▶ **TASK TO COMPLETE**
In the material below, find the span from the line with "hitclup đăng nhập mậu binh dễ thắng" to the line with "LIFE IN PRISON V.1" and transcribe only those lines, exactly, ends included, without the pictures.

▶ **INPUT DATA**
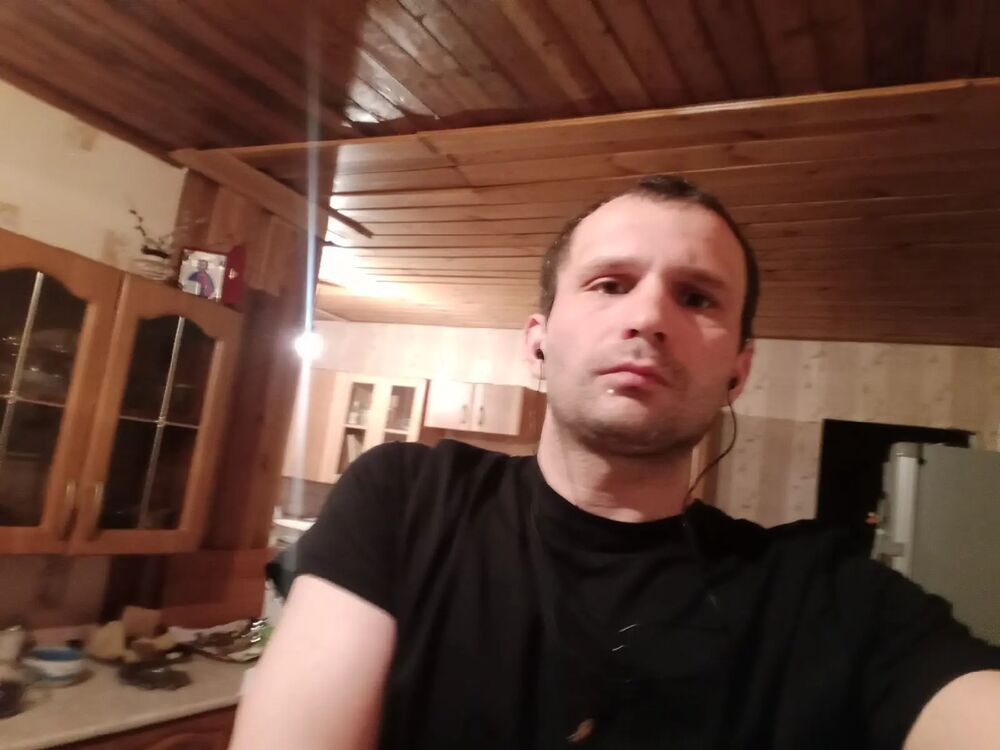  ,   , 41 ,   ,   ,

---

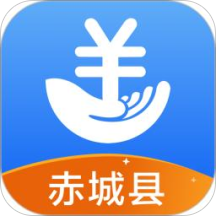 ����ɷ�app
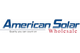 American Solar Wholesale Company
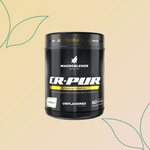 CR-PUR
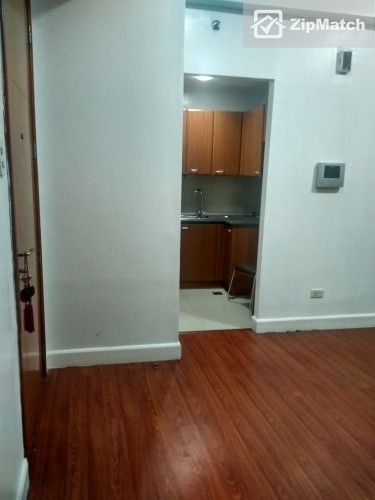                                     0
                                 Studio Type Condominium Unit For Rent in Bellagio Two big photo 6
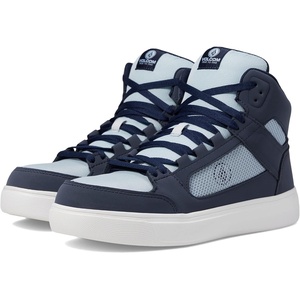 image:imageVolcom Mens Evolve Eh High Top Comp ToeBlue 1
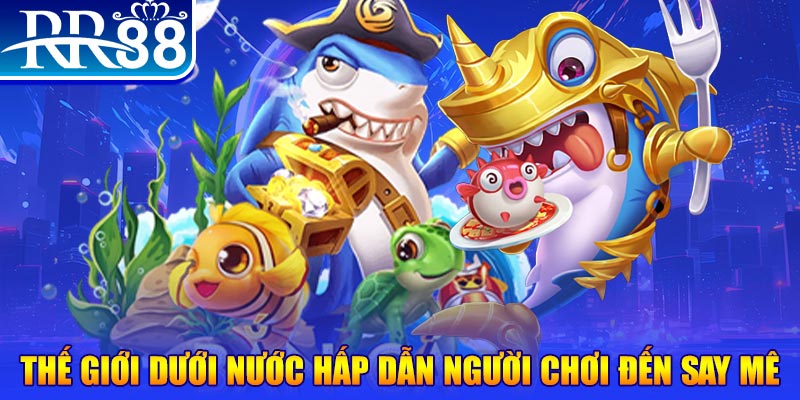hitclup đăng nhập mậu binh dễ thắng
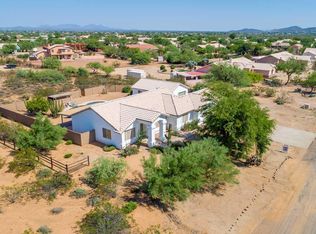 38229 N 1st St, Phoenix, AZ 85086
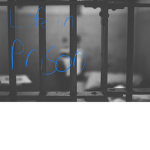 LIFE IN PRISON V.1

▶ **REPLY TO THE TASK**
hitclup đăng nhập mậu binh dễ thắng
 38229 N 1st St, Phoenix, AZ 85086
 LIFE IN PRISON V.1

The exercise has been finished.